The Department of Justice is currently weighing a recommendation for Congress to pass a domestic terrorism law. There is no law like it on the books in the United States; currently, the DOJ can only prosecute instances of ideologically driven violence by people with no international allegiances using existing statutes. The lack of a law also complicates efforts to track extremism in the United States.
The Biden administration announced it would share information with law enforcement agencies and collaborate with tech organizations to track domestic terror content online. The government’s plans, developed by the National Security Council, also include an effort to identify government employees who may pose a domestic terror threat. Screening and vetting processes would be improved.
“Domestic terrorism — driven by hate, bigotry, and other forms of extremism — is a stain on the soul of America,” President Joe Biden said in a statement. “It goes against everything our country strives for and it poses a direct challenge to our national security, democracy, and unity.”
An official fact sheet from the White House‘s website also stresses the importance of countering domestic terrorism.

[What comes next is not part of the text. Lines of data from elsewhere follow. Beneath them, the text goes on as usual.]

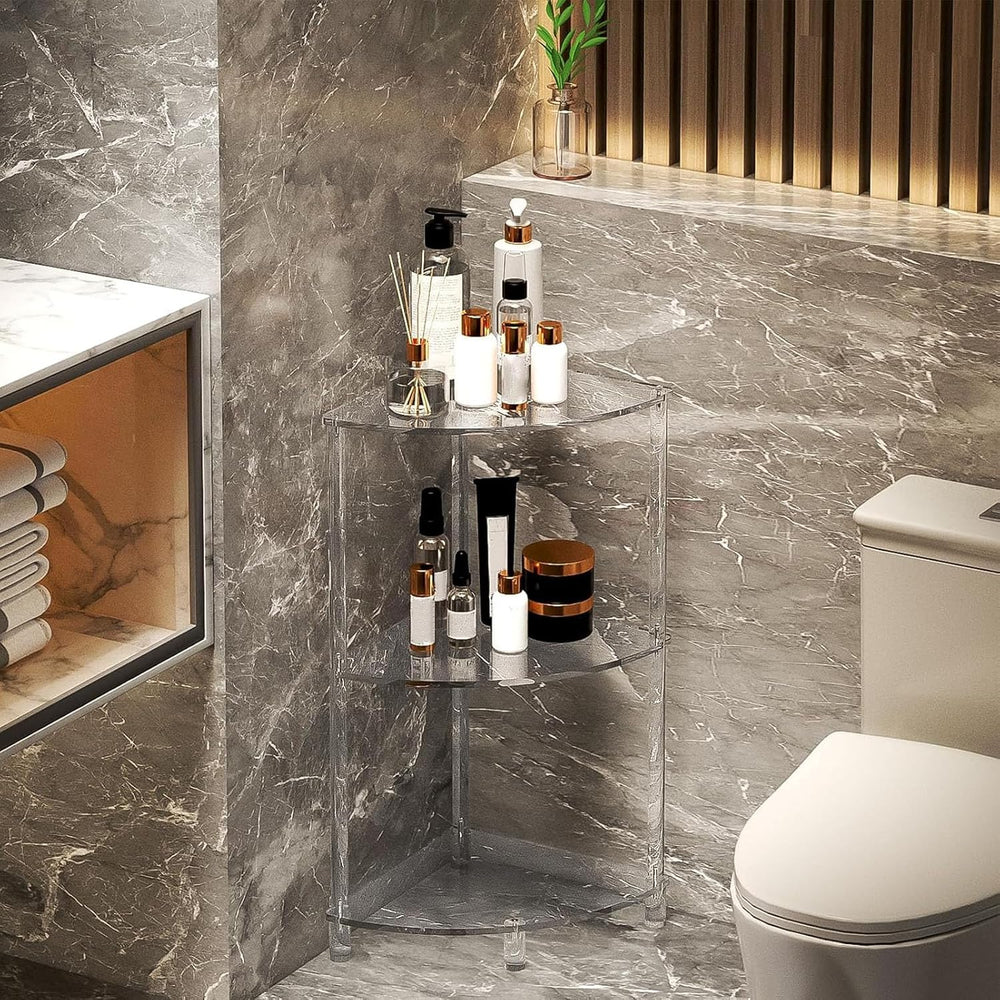Corner Shelf, 3 Tier Acrylic Corner Side Table, 25.6 inch Standing Triangle E...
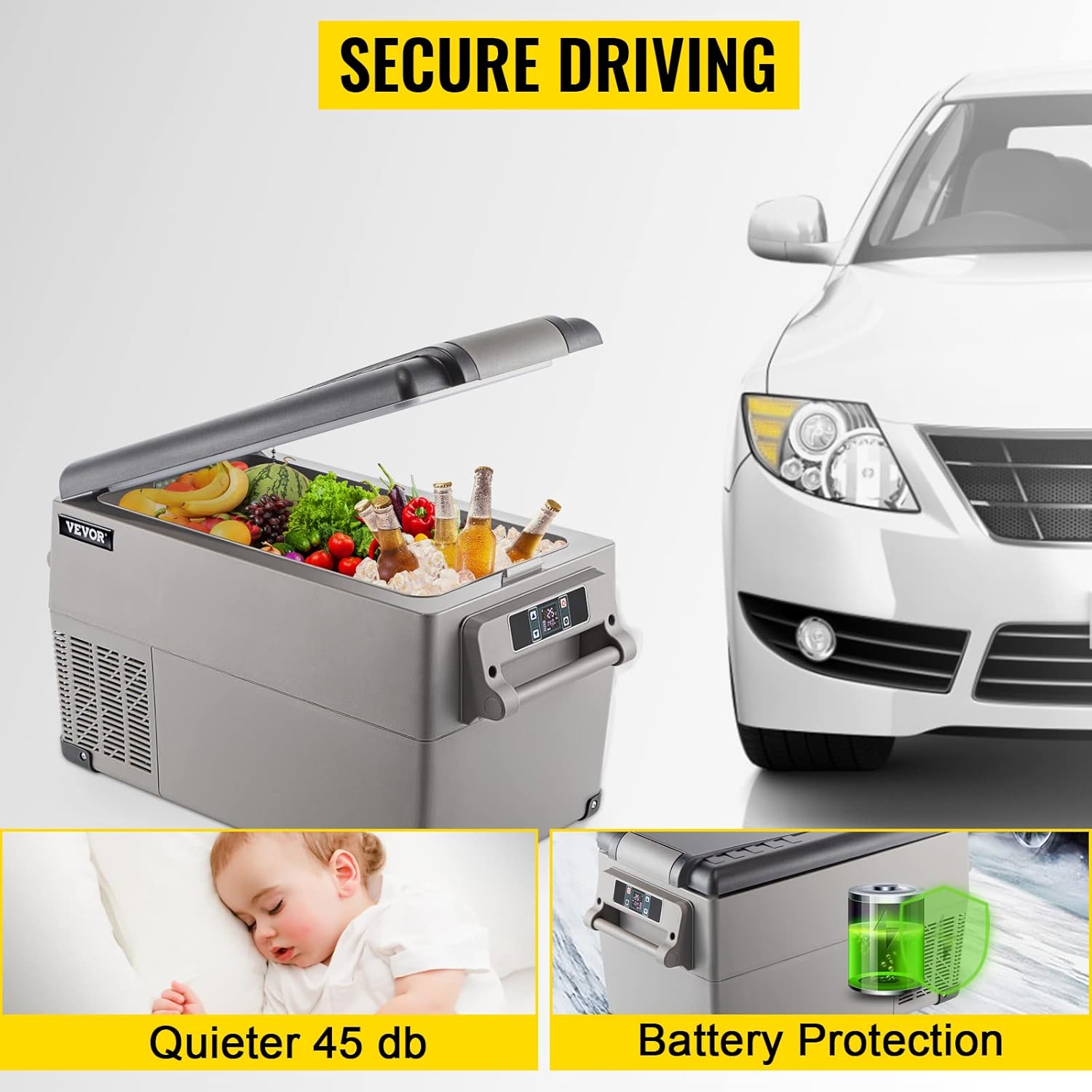 Réfrigérateur thermique portable 35L réfrigérateur de voiture réfrigérateur de voyage électrique portable pour voiture mini réfrigérateur pour voiture mini réfrigérateur pour boissons avec écran LCD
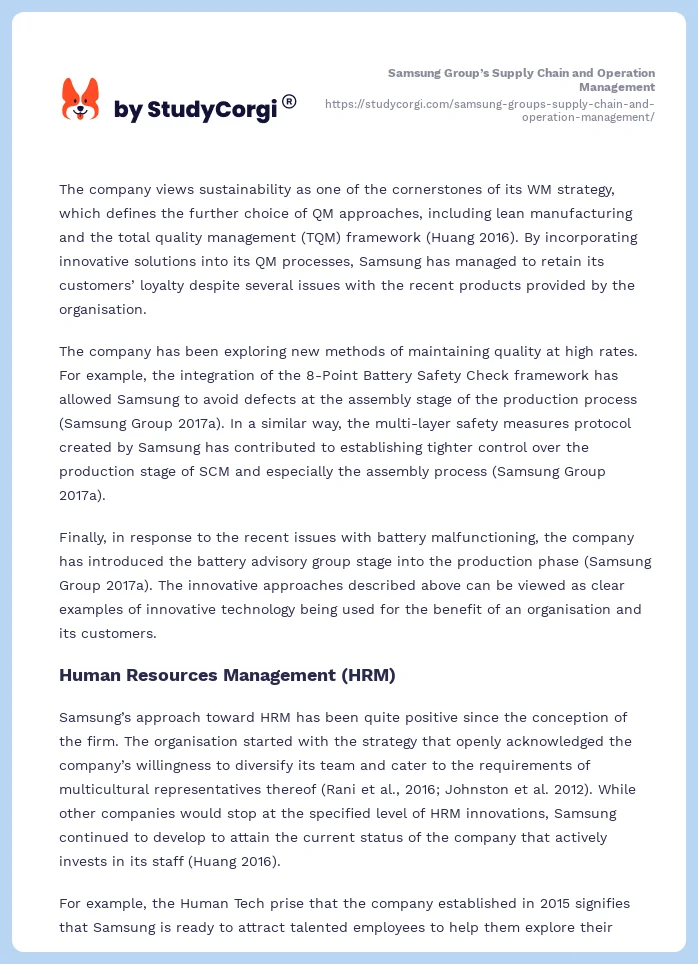 Samsung Group’s Supply Chain and Operation Management. Page 2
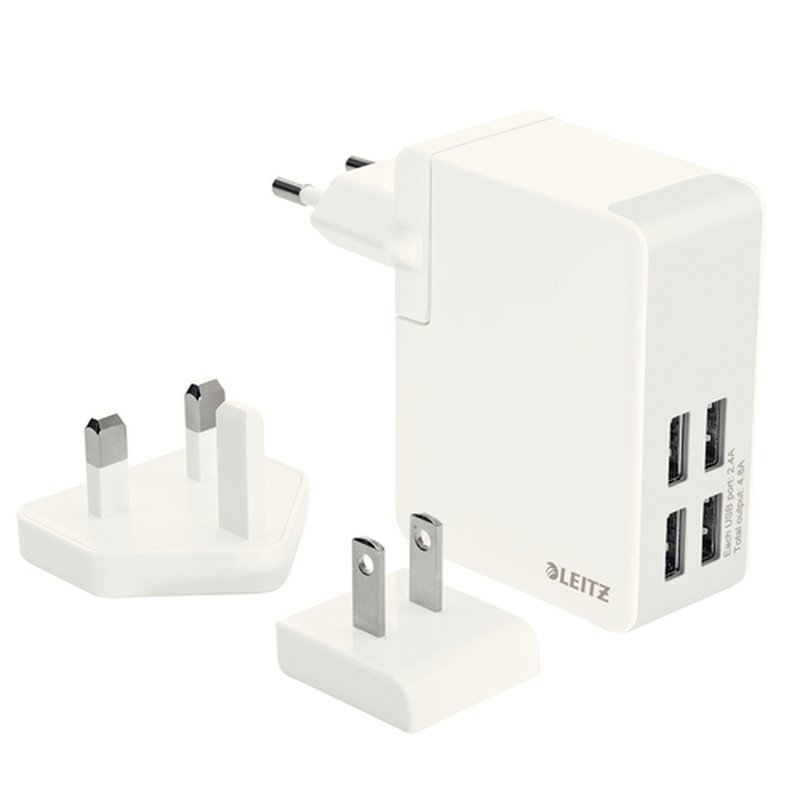 Leitz Cargador de pared USB Traveller Complete de con 3 enchufes y 4 puertos USB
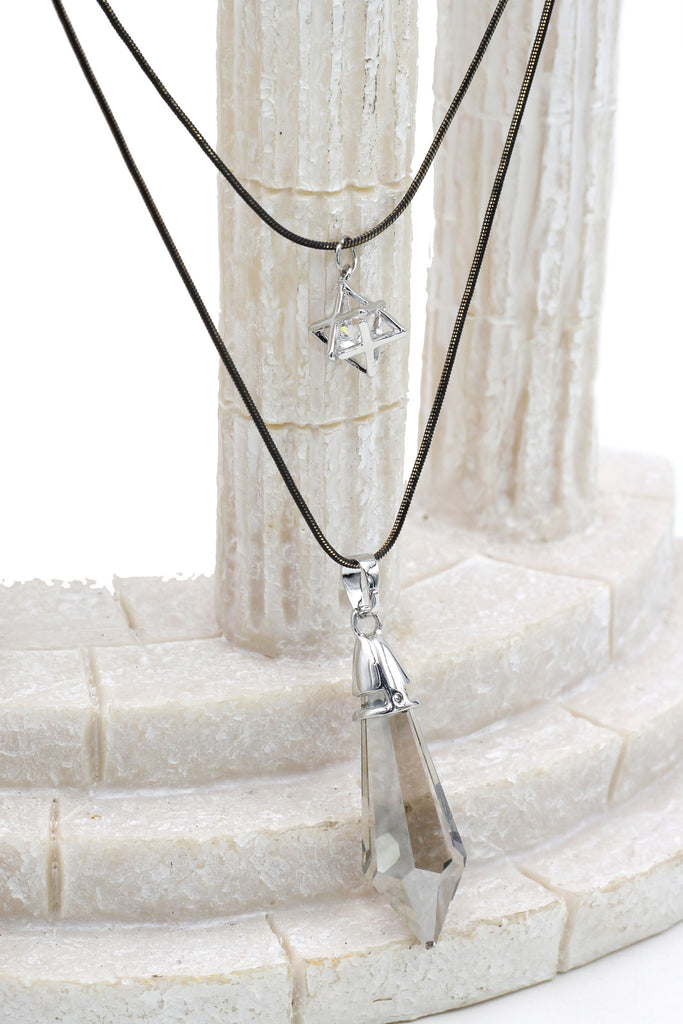 fashion double chain pendant crystal columns necklace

“The U.S. Government is committed to strengthening trust in American democracy and its ability to deliver for the American people, including through relief and opportunity provided by the American Rescue Plan, the American Jobs Plan and the American Families Plan. The U.S. Government will also work to find ways to counter the polarization often fueled by disinformation, misinformation, and dangerous conspiracy theories online, supporting an information environment that fosters healthy democratic discourse,” it reads.